Principal photography of the series commenced in October 2024, and concluded in April 2025. Post-production of the series began in August 2025.

== Release ==
The series was made available to stream on Amazon MX Player on 12 December 2025.

== Reception ==
Archika Khurana from The Times of India rated the series 3.5 out of 5 stars and said that "A gripping, atmospheric watch—best suited for fans of investigative, psychological, and grounded supernatural storytelling". Arpita Sarkar of OTT Play gave the series 2 stars out of 5 and stated that "The ghosts aren't scary, the cases lack suspense, and the emphasis on paranormal investigation overshadows the potential for deeper explorations into Gaurav's personal life. The real-life footage adds a little interest, but overall, the series struggles to captivate or terrify. "
Vinamra Mathur of Firstpost rated 3.5/5 stars and said that "It’s a show that jolts you and forces you to think twice before saying ghosts do not exist."

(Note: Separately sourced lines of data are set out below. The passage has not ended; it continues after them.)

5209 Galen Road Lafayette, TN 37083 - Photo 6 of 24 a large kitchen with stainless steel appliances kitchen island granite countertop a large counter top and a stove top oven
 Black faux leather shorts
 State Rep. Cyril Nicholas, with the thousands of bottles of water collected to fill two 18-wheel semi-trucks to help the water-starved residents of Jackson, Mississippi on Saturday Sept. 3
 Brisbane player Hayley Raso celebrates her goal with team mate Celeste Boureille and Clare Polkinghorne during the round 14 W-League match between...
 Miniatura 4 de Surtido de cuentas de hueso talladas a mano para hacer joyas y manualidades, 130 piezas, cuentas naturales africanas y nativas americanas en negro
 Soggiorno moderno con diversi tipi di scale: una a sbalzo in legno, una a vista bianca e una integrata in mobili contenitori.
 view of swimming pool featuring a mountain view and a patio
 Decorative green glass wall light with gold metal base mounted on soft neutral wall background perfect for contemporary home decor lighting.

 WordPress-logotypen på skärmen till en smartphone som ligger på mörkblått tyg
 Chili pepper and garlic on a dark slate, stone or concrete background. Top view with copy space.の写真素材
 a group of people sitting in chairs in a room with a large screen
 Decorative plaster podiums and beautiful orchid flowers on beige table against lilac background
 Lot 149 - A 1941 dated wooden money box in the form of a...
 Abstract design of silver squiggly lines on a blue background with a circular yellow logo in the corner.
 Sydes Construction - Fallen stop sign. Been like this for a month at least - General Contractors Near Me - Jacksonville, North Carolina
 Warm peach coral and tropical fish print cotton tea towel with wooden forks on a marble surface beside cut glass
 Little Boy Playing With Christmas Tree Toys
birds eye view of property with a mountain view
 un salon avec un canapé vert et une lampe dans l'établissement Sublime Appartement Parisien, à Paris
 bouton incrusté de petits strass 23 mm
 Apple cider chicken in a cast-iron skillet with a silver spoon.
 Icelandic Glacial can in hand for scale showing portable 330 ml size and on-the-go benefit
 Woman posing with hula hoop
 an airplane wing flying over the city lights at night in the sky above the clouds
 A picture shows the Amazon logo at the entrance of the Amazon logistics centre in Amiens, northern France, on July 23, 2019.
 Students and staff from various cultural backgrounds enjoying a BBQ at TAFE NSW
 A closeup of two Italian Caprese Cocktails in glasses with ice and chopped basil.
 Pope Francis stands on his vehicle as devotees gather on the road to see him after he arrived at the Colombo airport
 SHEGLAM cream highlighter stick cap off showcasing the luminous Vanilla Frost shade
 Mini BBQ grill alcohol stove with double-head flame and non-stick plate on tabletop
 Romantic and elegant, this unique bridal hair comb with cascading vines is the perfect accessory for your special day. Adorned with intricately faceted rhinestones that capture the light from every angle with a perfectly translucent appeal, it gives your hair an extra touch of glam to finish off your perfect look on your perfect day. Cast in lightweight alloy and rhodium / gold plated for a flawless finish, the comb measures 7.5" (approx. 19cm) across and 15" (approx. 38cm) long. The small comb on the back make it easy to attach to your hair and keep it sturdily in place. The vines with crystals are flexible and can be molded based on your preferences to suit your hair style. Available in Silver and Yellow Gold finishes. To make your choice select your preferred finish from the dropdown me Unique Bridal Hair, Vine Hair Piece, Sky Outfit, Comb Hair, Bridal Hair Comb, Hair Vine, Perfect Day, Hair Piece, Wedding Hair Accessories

Bollywood Hungama gave 3 stars out of 5 and said that ""On the whole, BHAY - THE GAURAV TIWARI MYSTERY is an intriguing paranormal thriller powered by an unusual premise, a solid investigative hook and Karan Tacker’s terrific central performance. Sadly, a show with such mass appeal has dropped with limited promotion. Hence, it’ll need a strong word of mouth to catch the attention of its vast target audience."